The tax rate for the Sturgeon R-V School District had gone down to $5.0484 per $100 assessed valuation. That was the first of several decisions made by five members of the Sturgeon School Board the evening of August 9 during their monthly meeting at their Patton Street campus.
They also learned that Meet the Teacher night is coming to Sturgeon, Sept 7 from 6 to 7 p.m.
That was the first note at the Aug. 9 meeting of the Sturgeon Board of Education.
During his report, Sturgeon High School principal John Kruse announced they would have 109 students in the high school this year.
Brandy Brown K-8 principal said they also had a good turnout for registration. She estimated 220 K-8 students this upcoming school year. “We’re just ready for the new year,” she said, adding the first day of school would be a full day.
Jeff Carr, transportation and curriculum director said high school summer school attendance was slightly higher than last year and K-8 was slightly lower, but overall, they had a “slightly higher” average daily attendance than last year’s summer school.

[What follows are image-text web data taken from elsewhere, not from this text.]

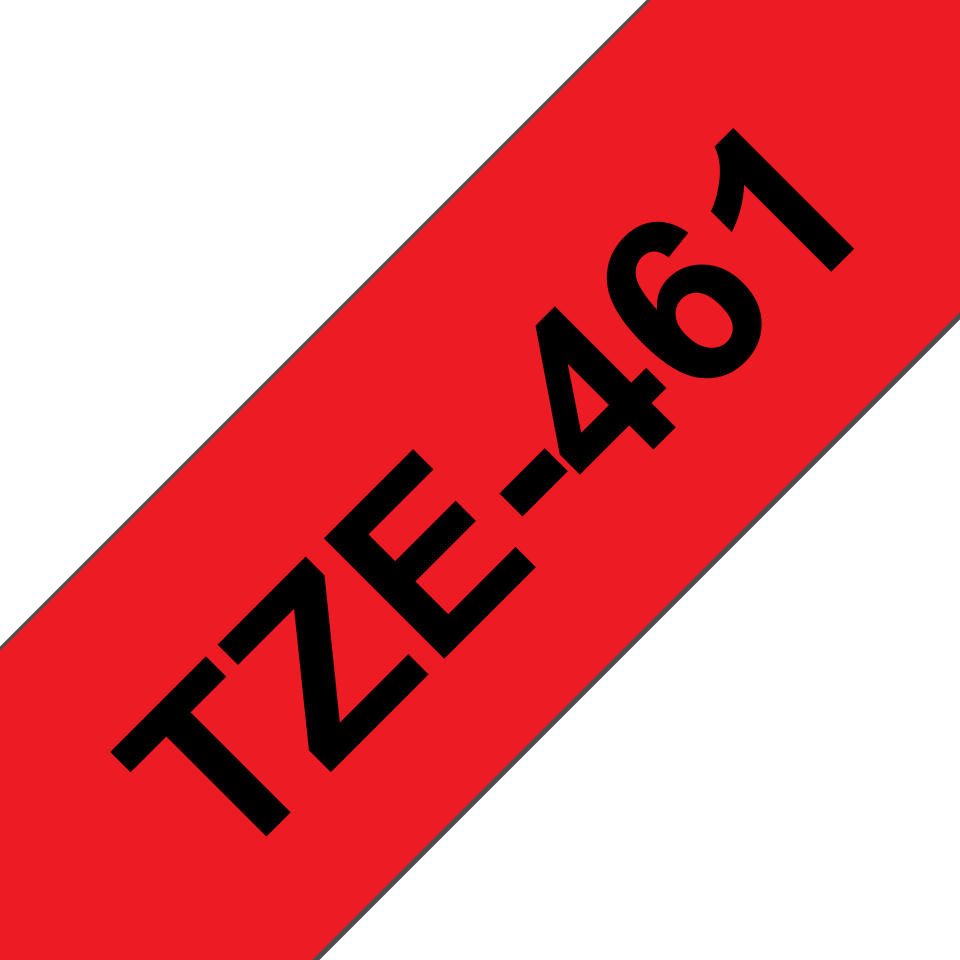 Brother TZe-461 - Schwarz auf rot - Rolle (3,6 cm x 8 m), Ansicht 2
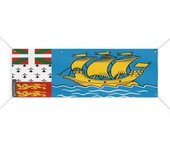 Bandera Pancarta de San Pedro y Miquelón 8 Ojales 200x600 cm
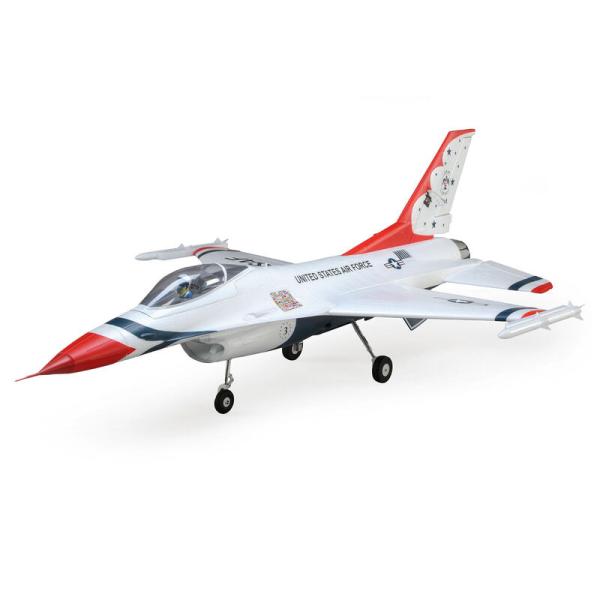 E-flite F-16 Thunderbirds 70mm EDF Jet RC-Flugzeug BNF Basic with AS3X and SAFE Select - EFL178500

Transportation wise, he said at this point they should have enough drivers to drive all five routes without using a reserve bus driver. “The biggest thing… is the new bus purchase.” He said they had not yet been able to purchase two used busses due to them having not yet sold their lift bus. Now, Carr said, they can trade in their 2010, 24-passsenger lift bus and a 2001, 65 passenger standard bus. The trade in offer for the two busses is $11,00. The total would be $106,500. He said they had planned to lease-purchase them through LJ Hart. They will also be spending $3,600 for safety cameras on the busses. Carr said they would be paid with ?REIF funds.
The board members unanimously passed the purchase, minus Charles King and Heather Dougherty who were absent.
During his report, Superintendent Geoff Neill discussed federal lunch policies which he described as “boilerplate we have to pass them,” which the board did.
He then discussed a Kelly Services report, which supplies the district’s substitute teachers. He said Kelly had a 91 percent fill rate, and sub slots had been filled within an hour. “It has been a pretty good deal for us… There’s some good things and bad things. This is a good thing for our district, especially where we are located.”
Misty Doss asked if the district used some non-Kelly substitutes. Penny Fadler said they did, at least in the special education area. Brown said the only time they used non-Kelly substitutes is when Kelly did not fill a spot.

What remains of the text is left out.